◆ WHAT YOU NEED TO DO ◆
Transcribe the lines exactly, beginning with the one that contains "甘神すう生誕祭2026】缶バッジ3種セット | 深層組公式Web / グッズ" and ending with the final line of the records. Do not transcribe pictures.

*** THE DATA ***

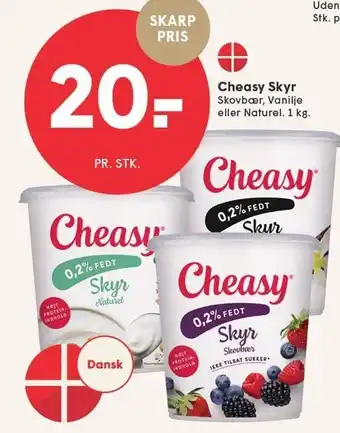 SPAR Cheasy Skyr tilbud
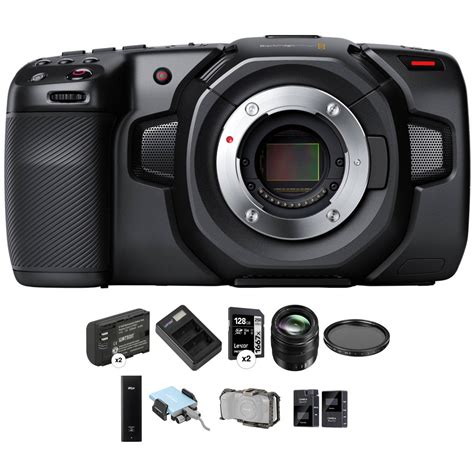 Blackmagic Design Pocket Cinema Camera 4k Kit With 12 35mm Zoom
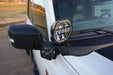 7" and 3" pod lights on the Bronco A-Pilar dual light mount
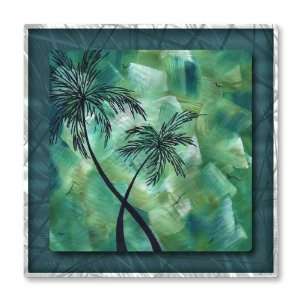  Tropical Dance III Metal Wall Art With Unique Visual 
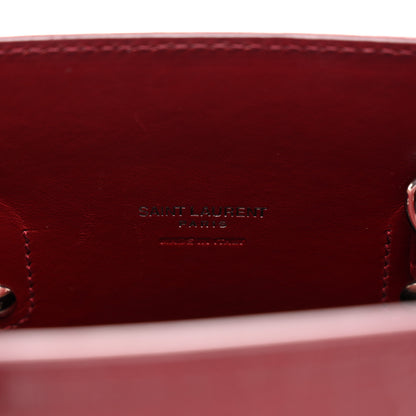 Saint Laurent Calfskin Crocodile Embossed Baby Sac De Jour Red 6 of 10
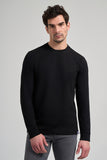 Long Sleeve Plain Knit Crew Neck Pocketless Standard Fit Sweatshirt 1013245252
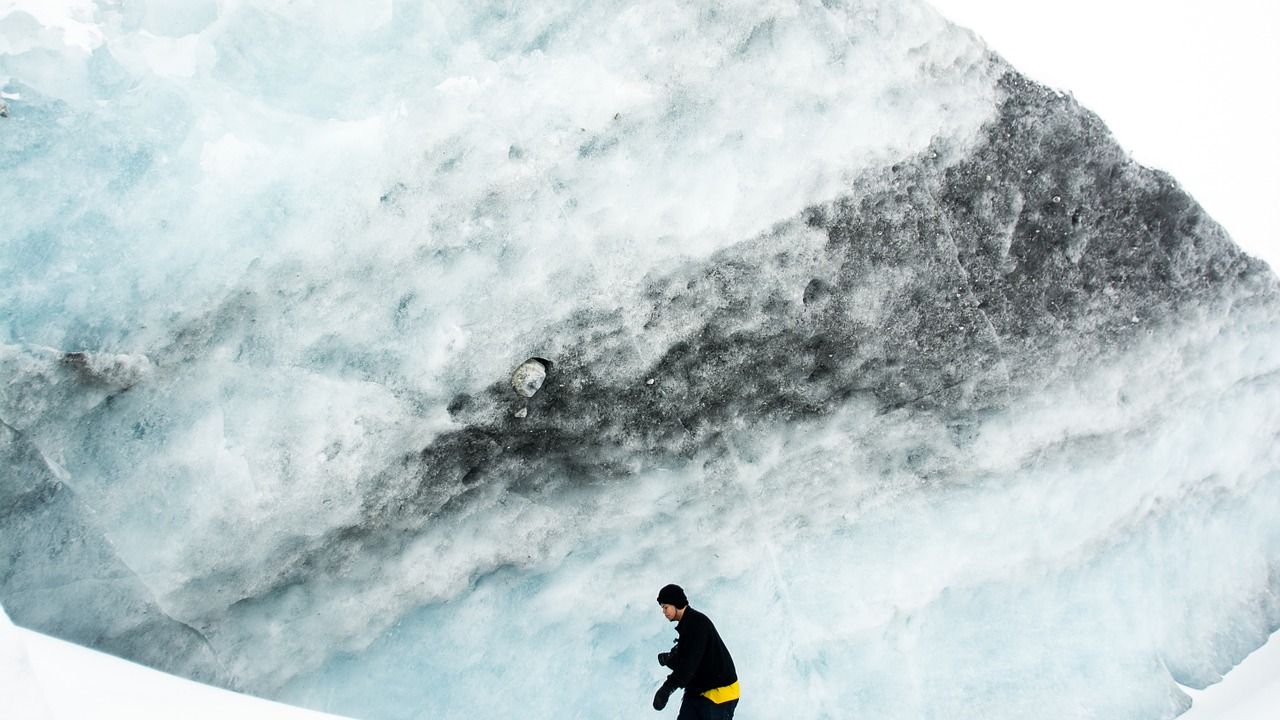 glacier ice mountaineering free photo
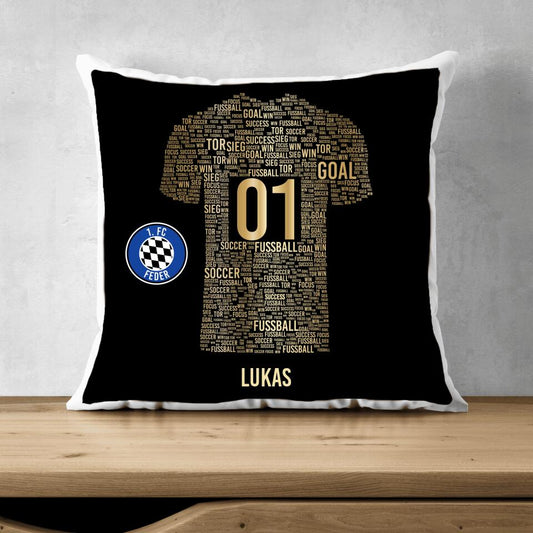 Golden Jersey Pillow
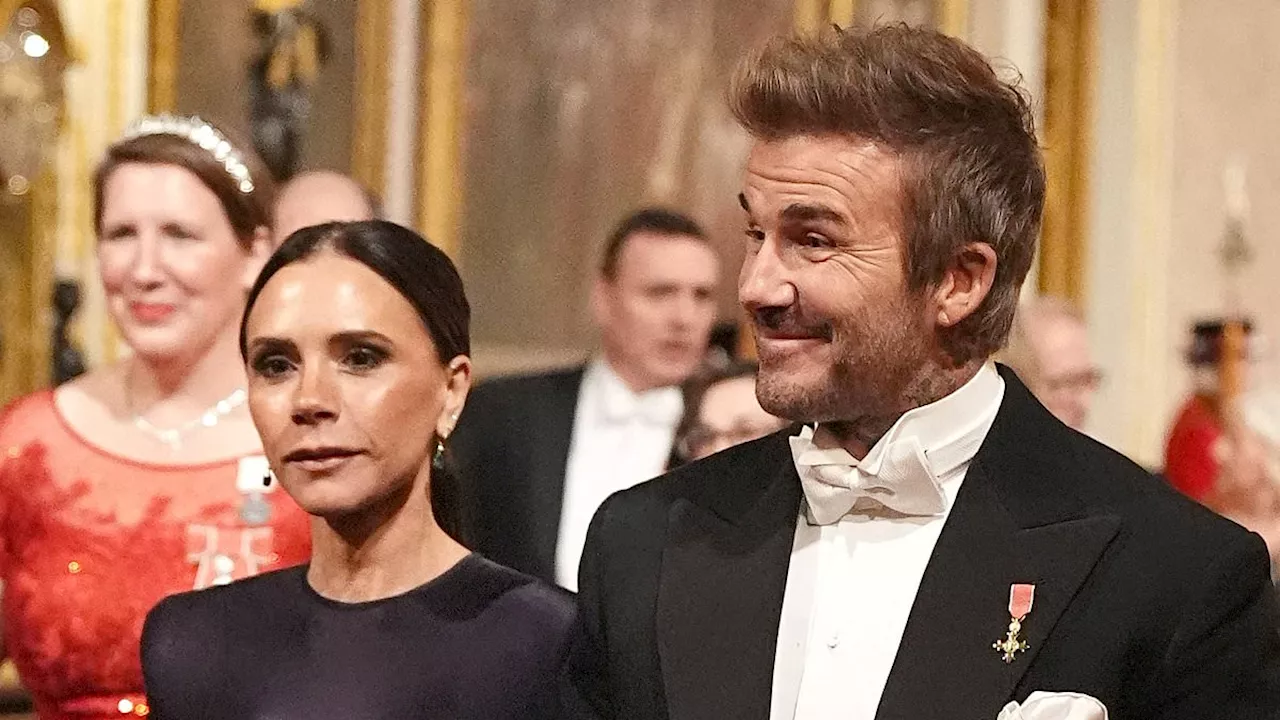 Beckhams' Attendance at State Banquet Suggests Growing Distance from Prince Harry and Meghan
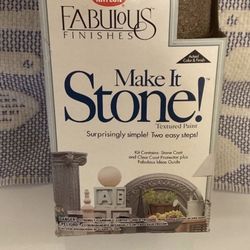 Krylon Make It Stone Fleckstone Spray Paint Kit Brownstone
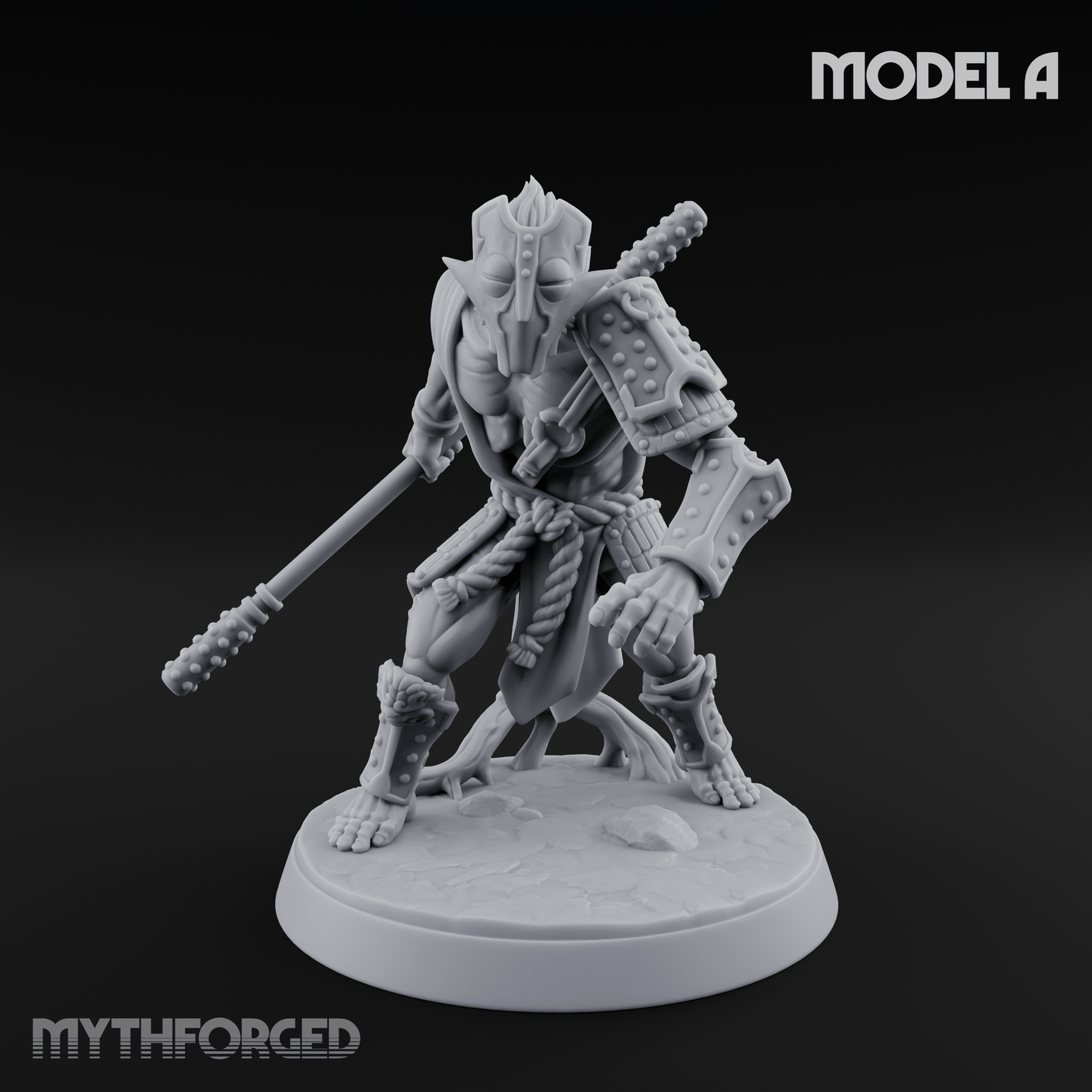 Shouldering The Blade Hadozee Warriors A Miniature for Dungeons and Dragons, Pathfinder or other TTRPGs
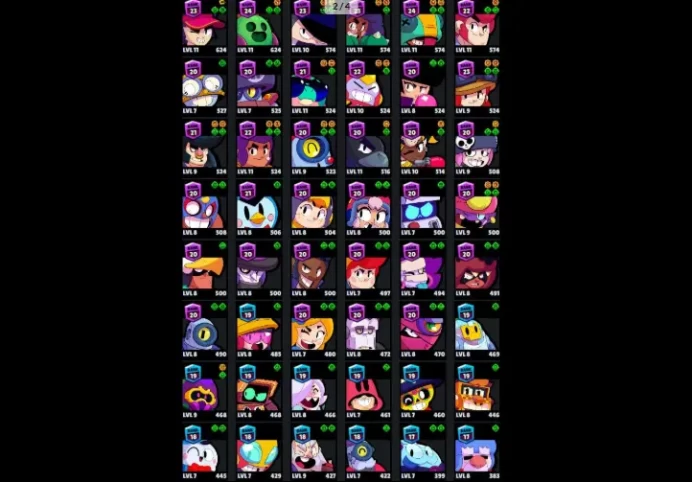 71 Brawlers 30.967 Trophies 63 Skins 5 Legends 23 Mythics 24 Epics 286 Gold 101 Gems 417 Blings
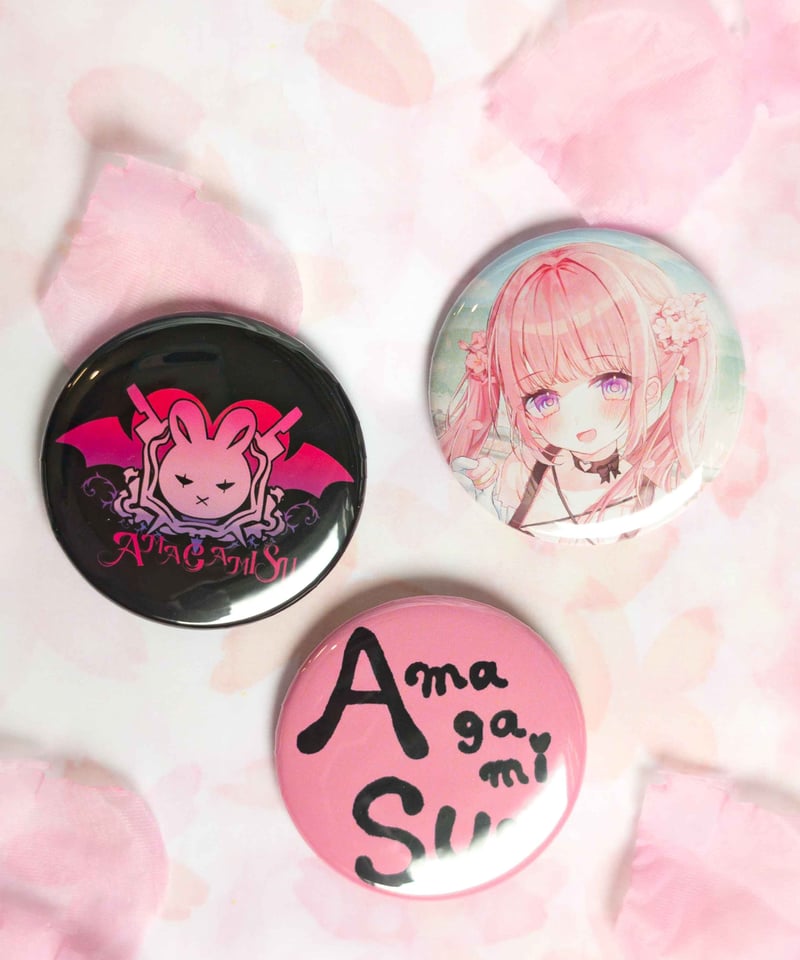 甘神すう生誕祭2026】缶バッジ3種セット | 深層組公式Web / グッズ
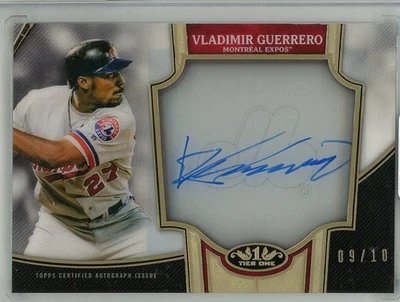 2020 TOPPS Tier One Vladimir Guerrero Autograph 09/10 - Image 1 of 2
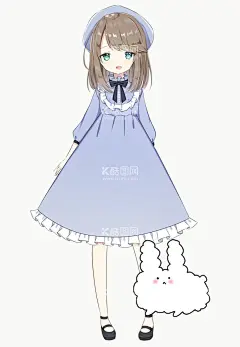 二次元人物   - 源文件下载【酷图网】二次元,人物,游戏,cg,美女,角色,
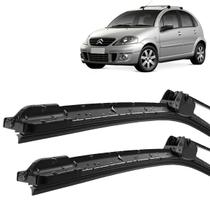 Par Palheta Limpador ParaBrisa C3 2002 2003 2004 2005 2006 2007 08 09 10 2011 Silicone encaixe Gancho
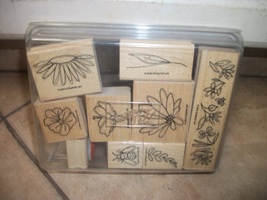 stampin up 2-step stampin in full bloom set of 9 discount 15% off today - £13.54 GBP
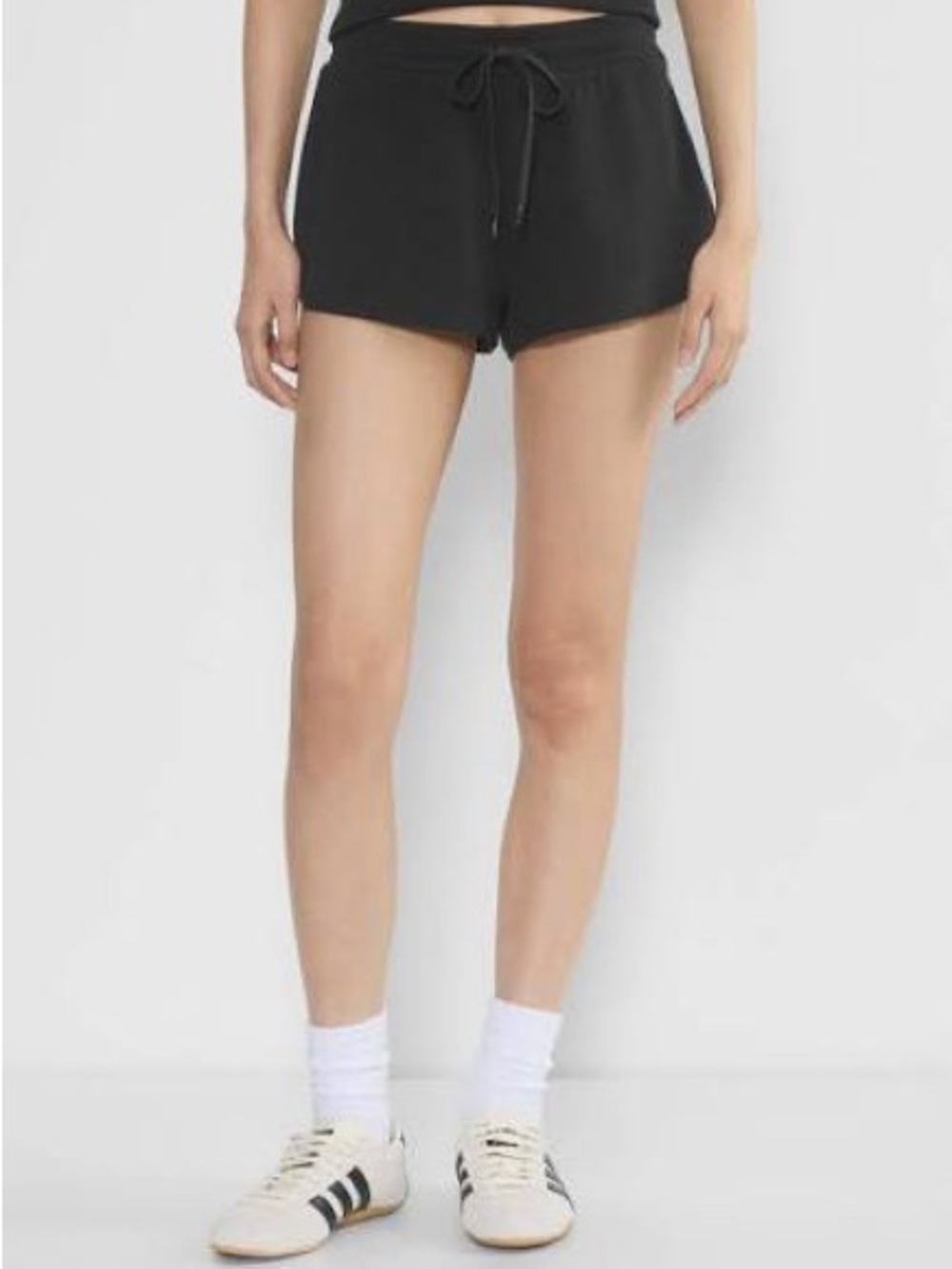 Aritzia Black Homestretch Rib Micro Shorts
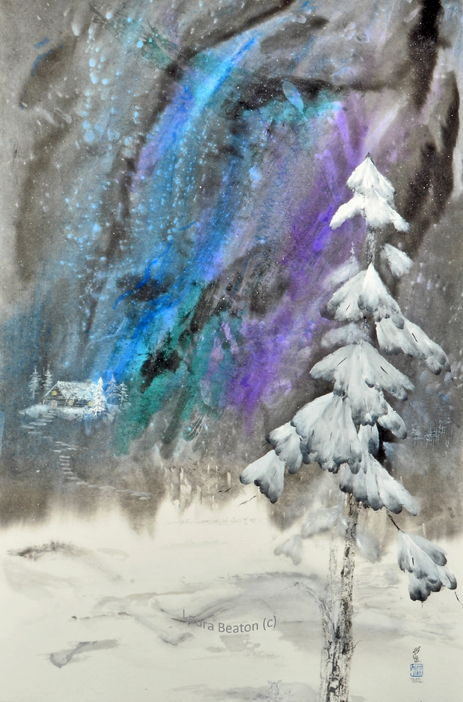 Radiant Beams 36x24 CBP Washi 2025 Laura Beaton 72
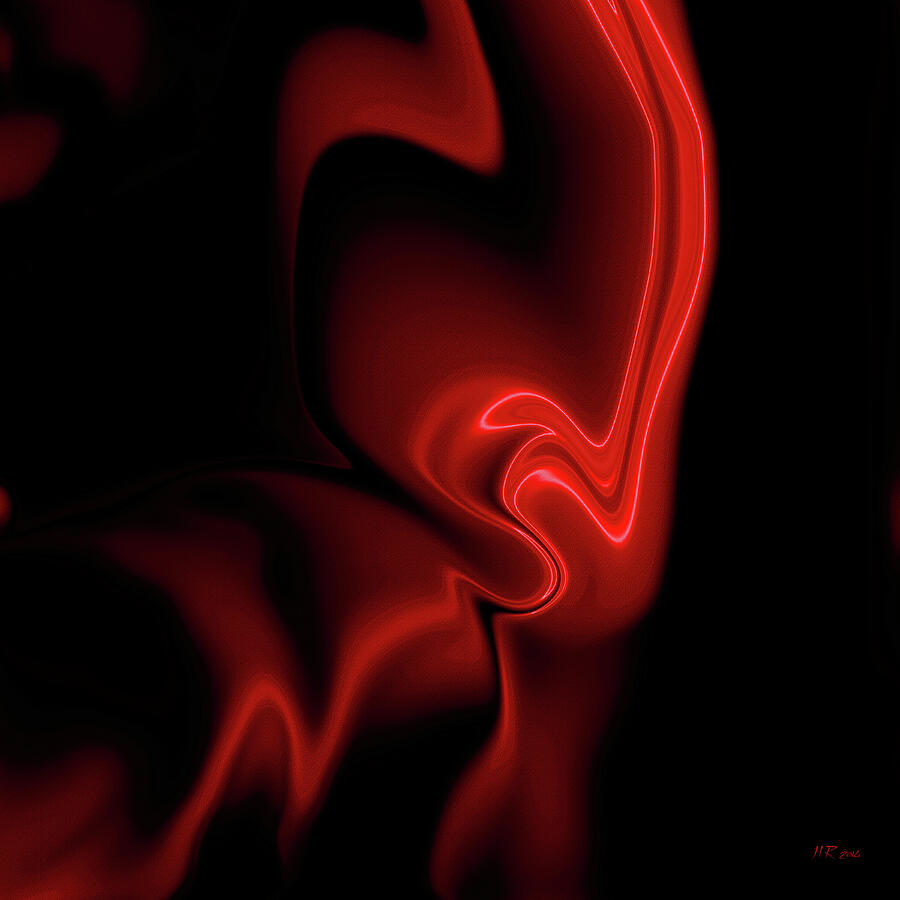 Red Wrap Digital Art by Bamalam Art Red Wrap Digital Art by Bamalam Art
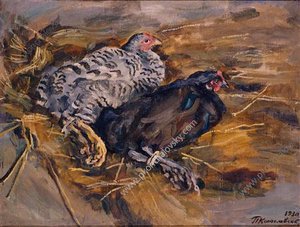Still Life. Hens. — Pyotr Konchalovsky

***

◆ TASK SOLUTION ◆
 甘神すう生誕祭2026】缶バッジ3種セット | 深層組公式Web / グッズ
 2020 TOPPS Tier One Vladimir Guerrero Autograph 09/10 - Image 1 of 2
 二次元人物   - 源文件下载【酷图网】二次元,人物,游戏,cg,美女,角色,
 Par Palheta Limpador ParaBrisa C3 2002 2003 2004 2005 2006 2007 08 09 10 2011 Silicone encaixe Gancho
 stampin up 2-step stampin in full bloom set of 9 discount 15% off today - £13.54 GBP
 Aritzia Black Homestretch Rib Micro Shorts
 Radiant Beams 36x24 CBP Washi 2025 Laura Beaton 72
 Red Wrap Digital Art by Bamalam Art Red Wrap Digital Art by Bamalam Art
Still Life. Hens. — Pyotr Konchalovsky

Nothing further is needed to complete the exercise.